Creating the speed: background
optimization The background optimizer produces
high-speed native Alpha code from x86 code by using information that is gathered
into profiles by the runtime. The native Alpha code is subsequently made available to the
runtime and executed the next time the image is run. It is this coordinated process that
adds high performance to the transparency of execution, and truly distinguishes DIGITAL
FX!32.
Design
goals
The
operation and output of the background optimizer must be as transparent and robust as the
runtime environment. The user must never see the operation of the background optimizer and
it must always present code to the runtime that runs to correct completion. To ensure
transparency, the background optimizer design allows for no assumptions, no manual
initiation, and no user intervention in any question/answer cycle. Therefore, all
optimization must be based on unambiguous and unimpeachable criteria.
Coupled
with the stringent need for transparent and flawless operation is a requirement for the
highest possible performance. It was an explicit goal for the background optimizer to
generate Alpha code that runs at 70% of the performance of Alpha code that is generated by
an Alpha compiler.
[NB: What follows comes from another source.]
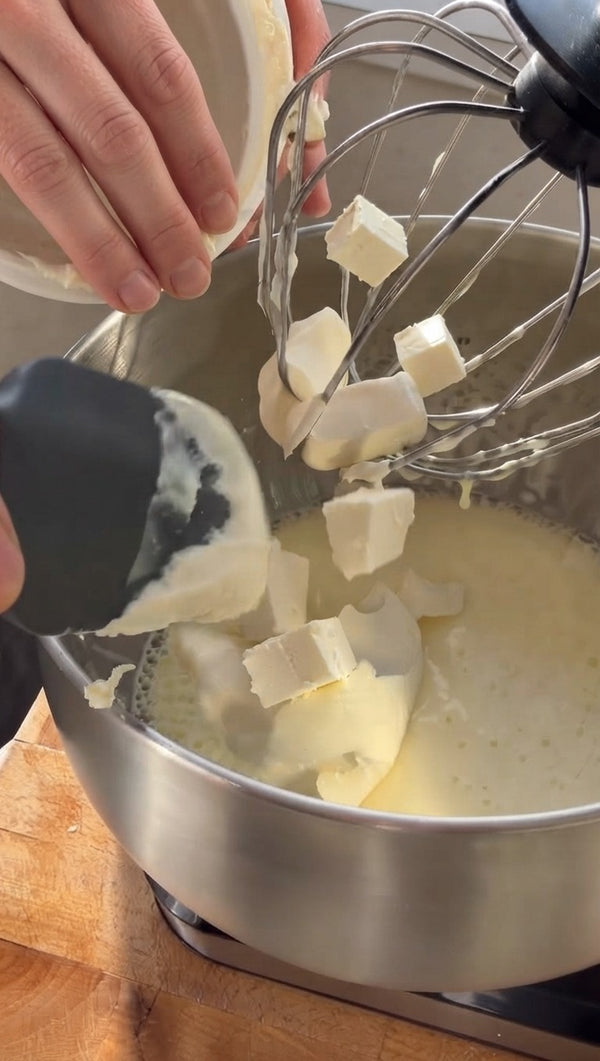 The prepared dough shards are folded into the creamy egg mixture. A spatula is used to incorporate the dry pastry into the wet base until fully combined into a dense batter.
The designers recognized that high performance required the
exploitation of the full range of optimization techniques that have been developed for
modern compilers.
Realization
of the goals
The
background optimizer guarantees transparent and robust operation by cooperating with the
runtime to ensure the coherency of the x86 machine state. A coherent x86
machine state means that x86 register assignments, call/return boundaries, the x86
stack, and exception condition processing reflect faithfully what would be observed on
actual x86 hardware.
Achieving
the performance goals required that the designers exploit the full range of modern
compiler optimization techniques. And, all modern optimization techniques are predicated
on global optimization.
Perhaps
the most serious flaw in previous binary translators was their limitation to the basic
block or perhaps the extended basic block, as the fundamental unit of translation. All
modern optimizing compilers require global optimization techniques that directly conflict
with such a basic-block unit restriction. Therefore, removal of this restriction was the
fundamental performance requirement. The background optimizer successfully removes this
restriction by organizing carefully chosen groupings of basic blocks into significantly
larger units, called translation units. Conceptually, a translation unit approximates a
"routine" in a more traditional compiler. Thus, for the first time, the
translation unit technology allows the full exploitation of global optimization
techniques.
The
background optimizer takes full advantage of the potential available from global
optimization. After initial setup, it uses techniques such as in-lining to prepare code
sequences for further optimization from techniques such as value propagation, common
subexpression elimination, and scheduling.
By
achieving its performance goals, the background optimizer is able to feed high-speed
native Alpha code to the runtime, providing the largest part of the overall performance of
DIGITAL FX!32.
User
interface: the DIGITAL FX!32 manager
The
user can view status and provide management information to the server with the DIGITAL
FX!32 Manager. The Manager is available as an icon in the DIGITAL FX!32 program group.
For
example, the user can specify a disk-space limit for optimized code and profiles. The
server then ensures that any specified limit is not exceeded by discarding old or
infrequently used optimized code and profiles. The user can protect important but
seldem-used code from being discarded through easy-to-use dialog boxes.
The
DIGITAL FX!32 Manager provides context-sensitive help, as well as providing access to the
on-line help found in the DIGITAL FX!32 program group.
Conclusion
DIGITAL
FX!32 provides fast and transparent execution of x86 Win32 applications on Windows
NT Alpha because, for the first time, binary translation is coordinated with runtime
emulation. Coordination between the runtime and the binary translator (the background
optimizer) is provided by the FX!32 server.
The
runtime provides transparent execution because it contains an emulator that implements the
entire x86 user-mode instruction set and because it provides the complete x86
Win32 environment.
The
performance of DIGITAL FX!32 comes from executing high-speed native Alpha code. The
majority of that code is produced by a positive feedback loop that exists between the
runtime and the background optimizer.The background optimizer provides high performance
because it uses global optimization techniques that previously were only available to
modern compilers; the background optimizer is the first translator that can use global
optimization.
It is
the coordination between the background optimizer and the runtime that successfully
combines high performance with transparent execution and truly distinguishes DIGITAL
FX!32.
|